■ YOUR OBJECTIVE
Would you retype, word for word, the line with "Warrior Executioner Chapter 194 page 31" and each line after it to the end of the entries below, leaving the pictures out?

*** Begin section ***

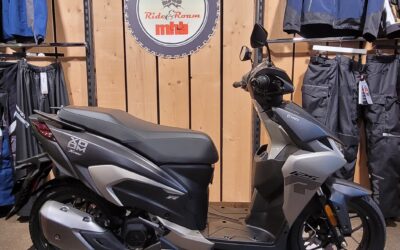 HERO XOOM 125R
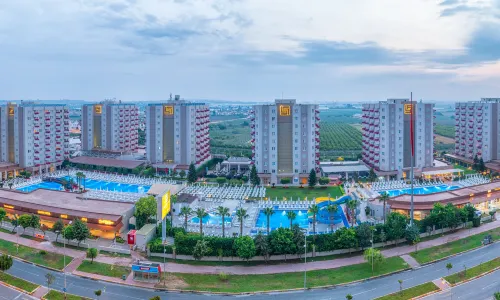 Grand Park Lara Hotel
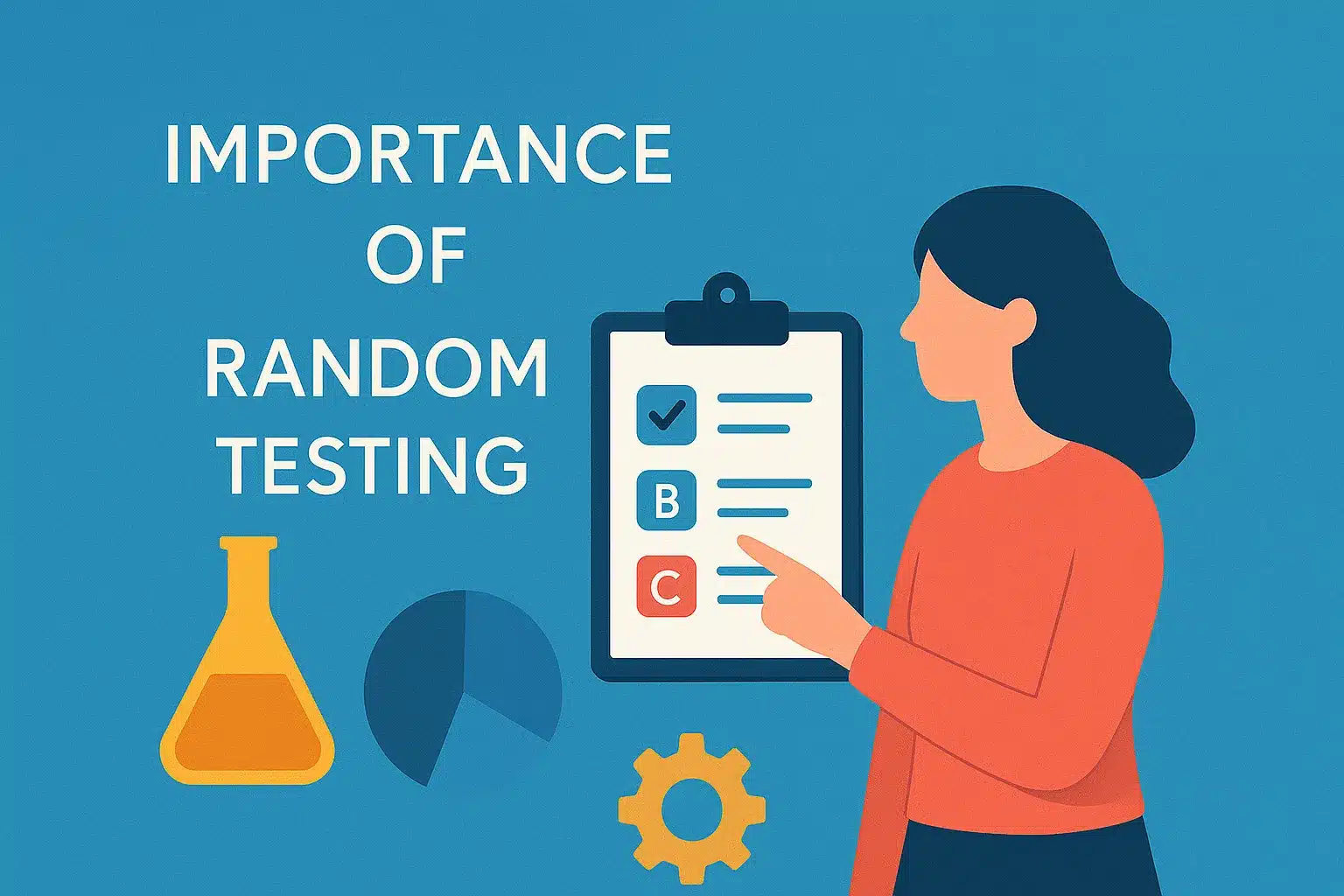 Importance of Random testing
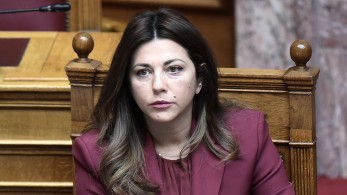 Σοφία Ζαχαράκη για Σαντορίνη: Πρόγραμμα ψυχοκοινωνικής στήριξης παιδιών και οικογενειών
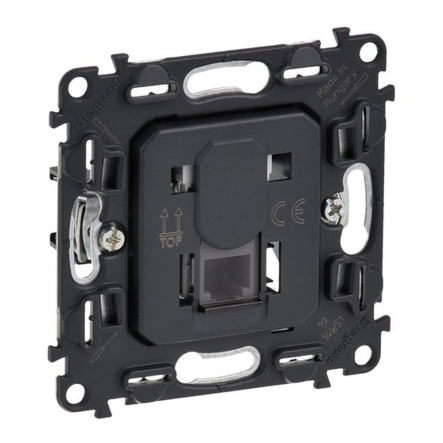 Механізм розетки RJ11 IN'MATIC, 753068, Legrand Valena «Life/Allure» - 1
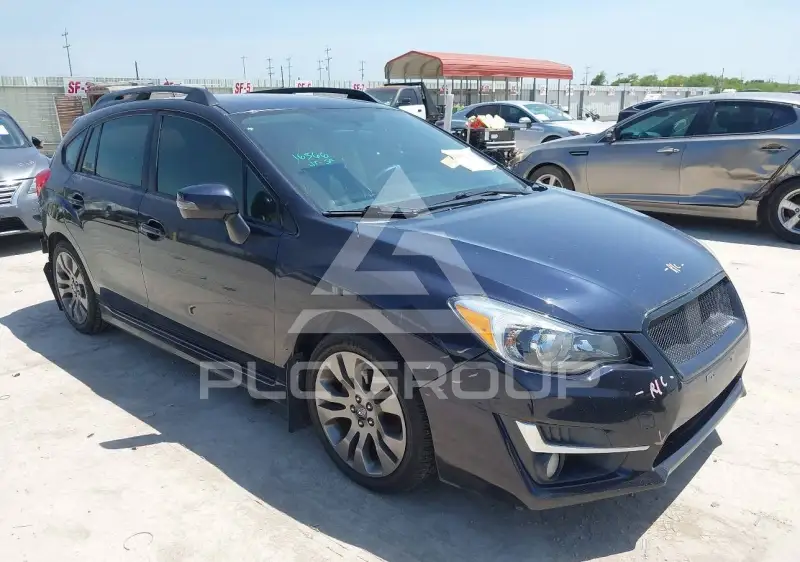 2015 Subaru Impreza фото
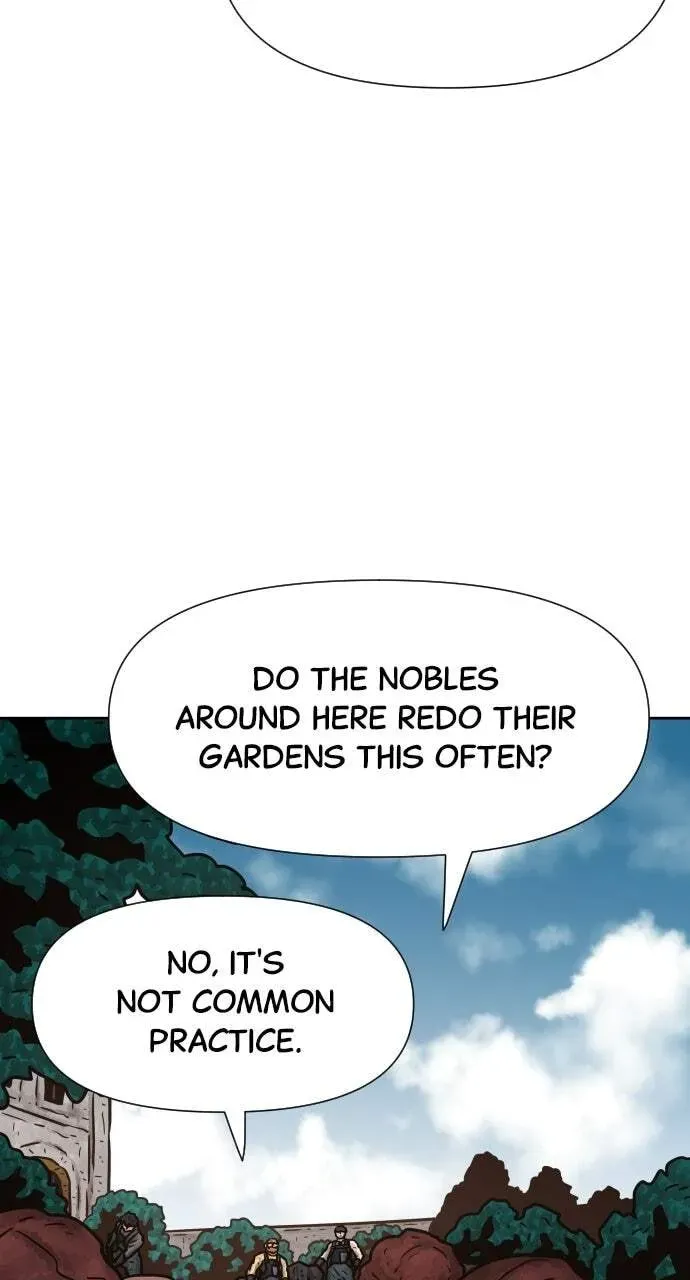 Warrior Executioner Chapter 194 page 31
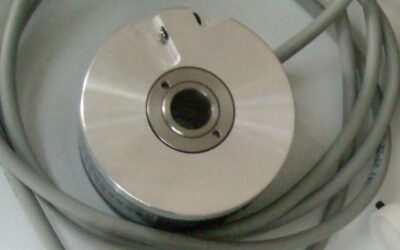 Encoder per macchine tessili: controllo preciso di velocità e posizione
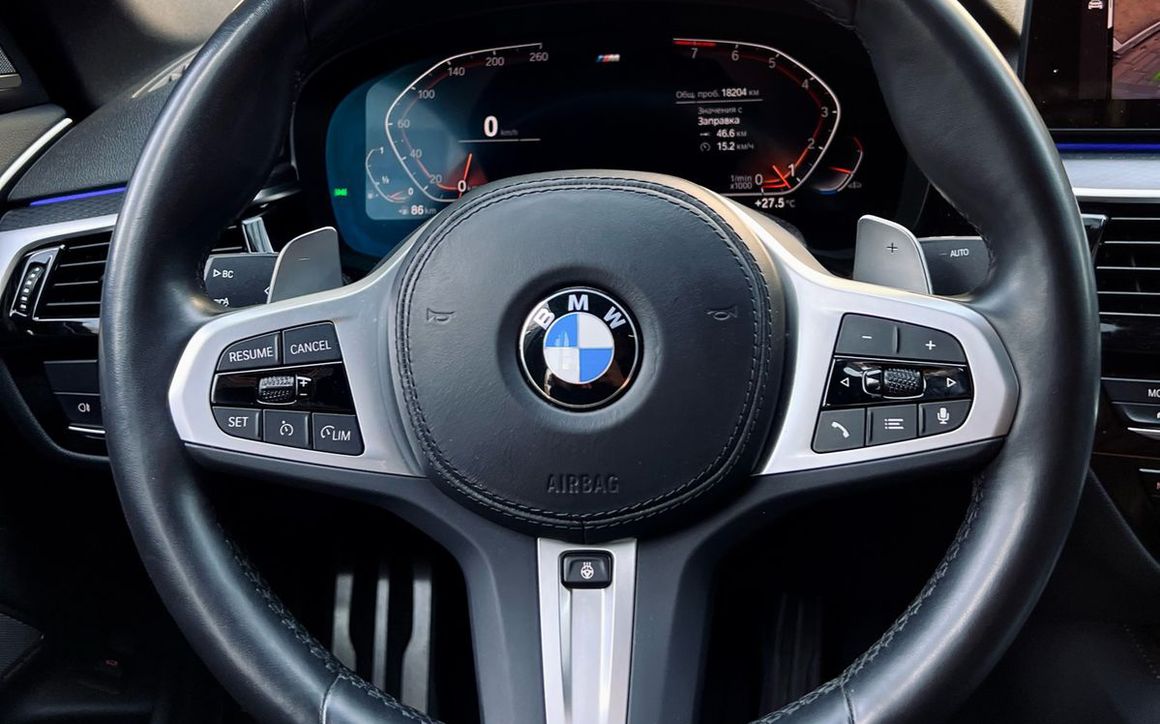 BMW 530I XDRIVE - image 11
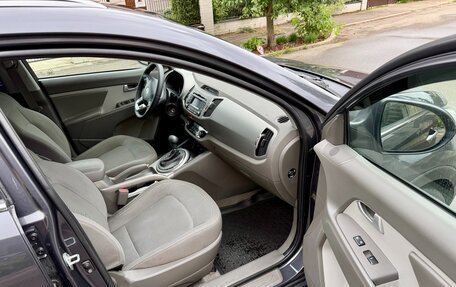 KIA Sportage III, 2012 год, 1 390 000 рублей, 9 фотография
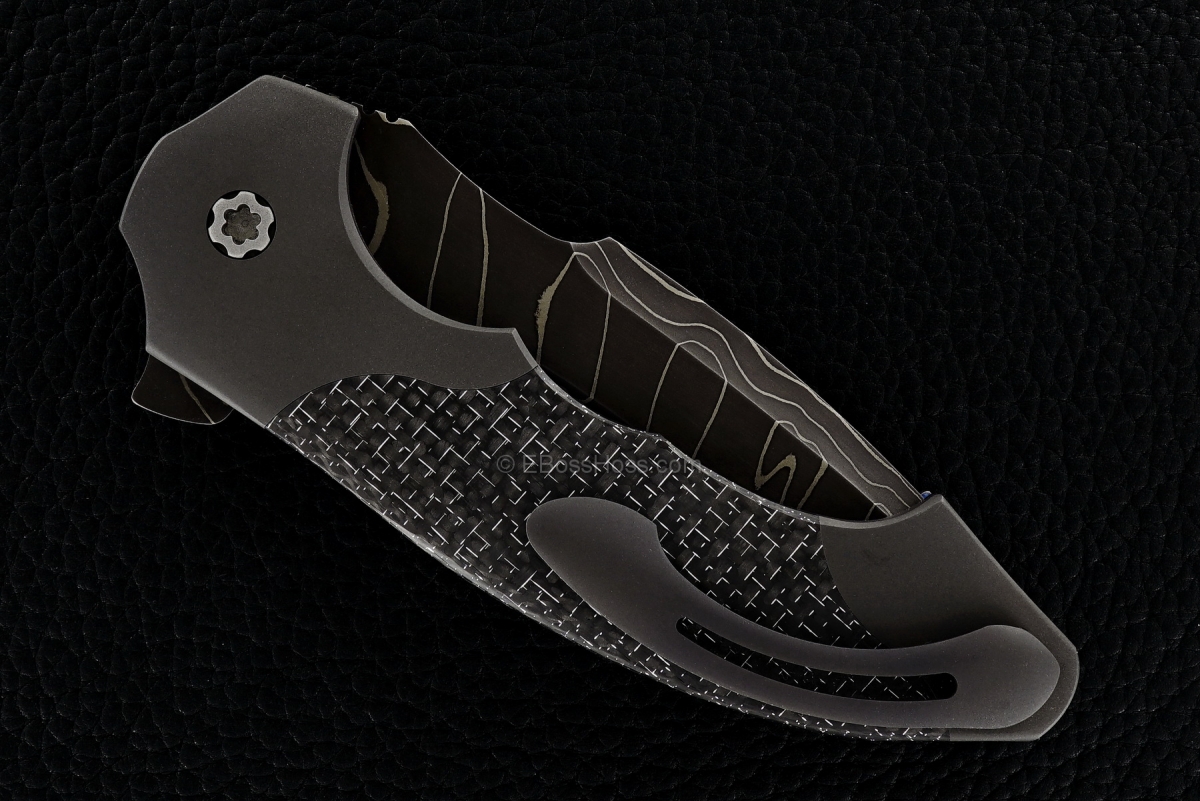 Todd Fischer Custom Deluxe Archangel Flipper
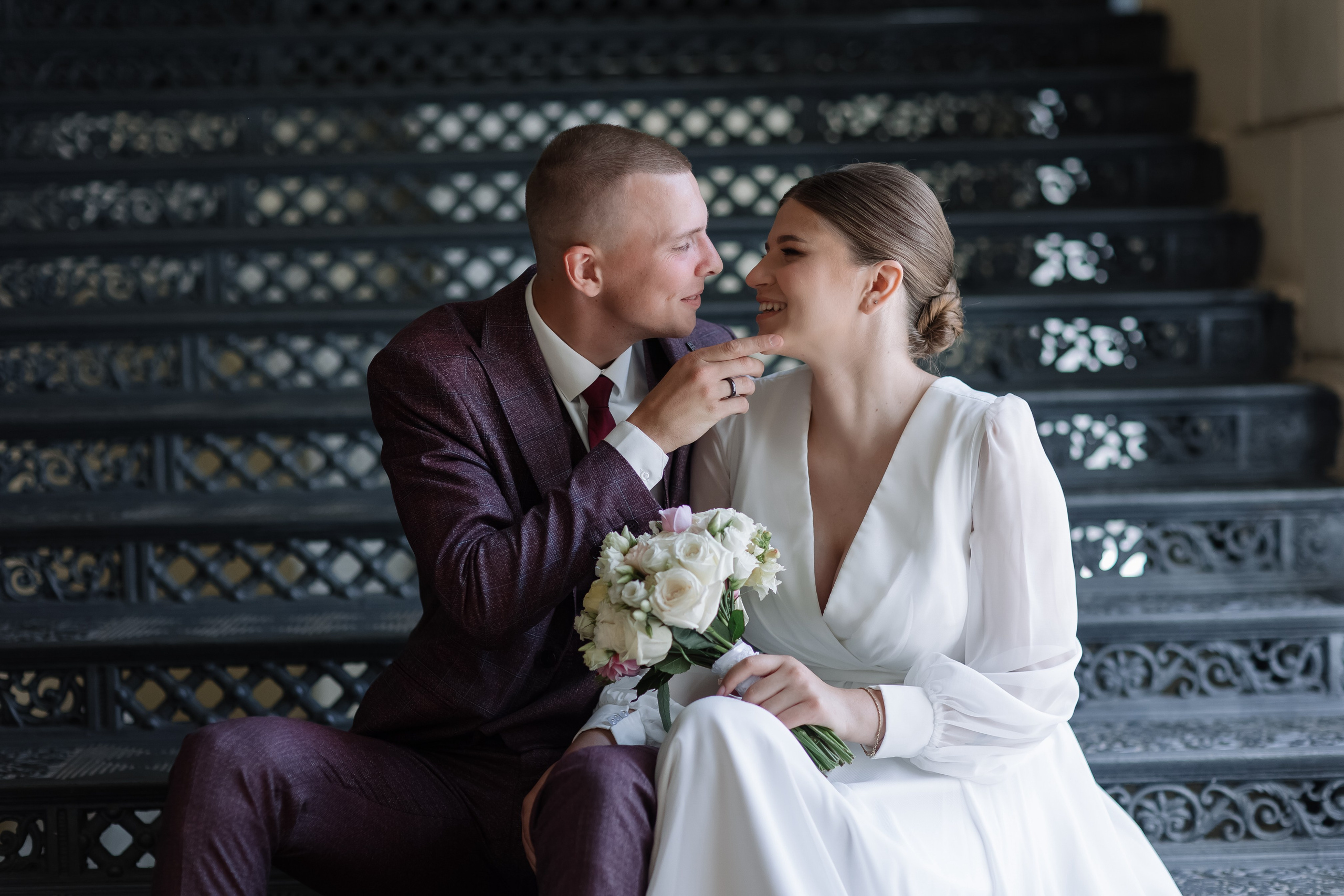 Илья/Влада. Свадебный фотограф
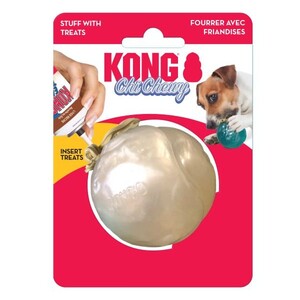 KONG קונג ציצאוי כדור לעיסה מתמלא וצף M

*** End section ***

■ ANSWER TO THIS PROBLEM
 Warrior Executioner Chapter 194 page 31
 Encoder per macchine tessili: controllo preciso di velocità e posizione
 BMW 530I XDRIVE - image 11
 KIA Sportage III, 2012 год, 1 390 000 рублей, 9 фотография
 Todd Fischer Custom Deluxe Archangel Flipper
 Илья/Влада. Свадебный фотограф
 KONG קונג ציצאוי כדור לעיסה מתמלא וצף M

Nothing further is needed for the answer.